Granted that the government has a right to interfere if anyone is being injured or coerced, the history of official efforts to regulate sex is a long and fairly unhappy one. Both sides invoked it in the sodomy case. "Condemnation of those practices is firmly rooted in Judeo-Christian moral and ethical standards," said Chief Justice Burger in concurring with Justice White's majority opinion. "Homosexual sodomy was a capital crime under Roman law . . ." The same line of argument could presumably be made to support slavery, and Justice Blackmun's dissent offered a spirited rebuke from Oliver Wendell Holmes Jr.: "It is revolting to have no better reason for a rule of law than that it was laid down in the time of Henry IV. It is still more revolting if the grounds upon which it was laid down have vanished."
Customs do change. Babylonian law decreed drowning as the proper punishment for a woman accused of adultery, but if she floated after being forced to jump into a sacred river, she was judged innocent. In the Middle Ages, someone who had sexual relations with a Jew could be punished by burial alive; adulterers were flogged through the streets, prostitutes had their noses slit, and men were burned alive for having sex with dogs, goats, cows, even geese.
In the Enlightenment of the 18th century, the Austrian Empress Maria Theresa appointed a troop of spies known as Commissioners of Chastity to enforce her prim views. Said the irrepressible Giacomo Casanova: "They carried off to prison, at all hours of the day and from all the streets of Vienna, poor girls whom they found alone, who in most cases went out only to earn an honest living." Sodomy was long considered a capital offense, and the Marquis de Sade was sentenced to death for engaging in it. Hitler threw homosexuals into concentration camps. In recent years the resurgence of Islamic law means that adulterers face flogging in countries like Iran, Saudi Arabia, Pakistan. And down through the centuries, despite all the decrees, people have gone right on, of course, enjoying sex as best they could.
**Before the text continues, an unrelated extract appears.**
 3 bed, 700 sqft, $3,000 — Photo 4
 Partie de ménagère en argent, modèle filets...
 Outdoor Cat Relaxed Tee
Perhaps the most persuasive case against government intrusion into most areas of private morality was made by John Stuart Mill in his 1859 essay, On Liberty: "The only purpose for which power can be rightly exercised over any member of a civilized community, against his will, is to prevent harm to others. His own good, either physical or moral, is not a sufficient warrant . . . Over himself, over his own mind and body, the individual is sovereign." The framers of the U.S. Constitution seem to have had similar views in mind when they declared in the Ninth Amendment that "the enumeration in the Constitution of certain rights shall not be construed to deny or disparage others retained by the people." This, plus the 14th Amendment's due-process clause, was the basis for the Georgian's plea in the sodomy case.
For more than a half-century, the Supreme Court has been proclaiming and broadening a constitutional right to privacy, which Justice Brandeis described in 1928 as "the right to be let alone -- the most comprehensive of rights, and the right most valued by civilized man." Justice Douglas reasserted that idea in a landmark 1965 decision striking down a law forbidding married couples to use contraceptives (Griswold vs. Connecticut). Said he: "The First Amendment has a penumbra where privacy is protected from governmental intrusion."
Implicit in all these controversies over sexual privacy has been the admirable social goal of protecting and supporting the family. The traditional religious taboos probably once had a similar goal. Government lawmakers simply followed that tradition (Burger's "Judeo-Christian moral and ethical standards") when they tried to ban lewd movies or lewd whatever, and the Justices did much the same, even in their Georgia sodomy ruling.
This tradition ignored the changes brought by birth control, and the fact that most sexual activity has very little to do with procreation. But it seems to have been a convenient justification for government action -- or inaction. Though the Georgia homosexual was never prosecuted, he challenged the convenient tradition itself by claiming that the constitutional right to privacy applied to him as well as to anyone else. There had, after all, been no children involved, no victim of any kind, no coercion, no public misbehavior. In such circumstances, doesn't a free citizen have a right to do as he pleases? One can sense a certain irritation over such a "gay rights" claim in the brusque rejection by Justice White. It is, said White, "at best, facetious."
Supporters of gay rights quite naturally criticize the court's decision, but there is a more fundamental point in Justice Blackmun's dissent. "A necessary corollary of giving individuals freedom to choose how to conduct their lives is acceptance of the fact that different individuals will make different choices," he wrote. "It is precisely because the issue raised by this case touches the heart of what makes individuals what they are that we should be especially sensitive to the rights of those whose choices upset the majority." In this, Blackmun was echoing a famous argument by Holmes: "If there is any principle of the Constitution that more imperatively calls for attachment than any other it is the principle of free thought -- not free thought for those who agree with us but freedom for the thought that we hate."
In some senses, sex is also an idea, subject to all the competing influences of love and hostility, of persuasion and rejection, of enthusiasm and anxiety, of conformity and ridicule. It generally ends in conditions of privacy; and the right to privacy, "the right to be let alone," includes a rule that says, Uncle Sam, and all other uninvited guests, please keep out.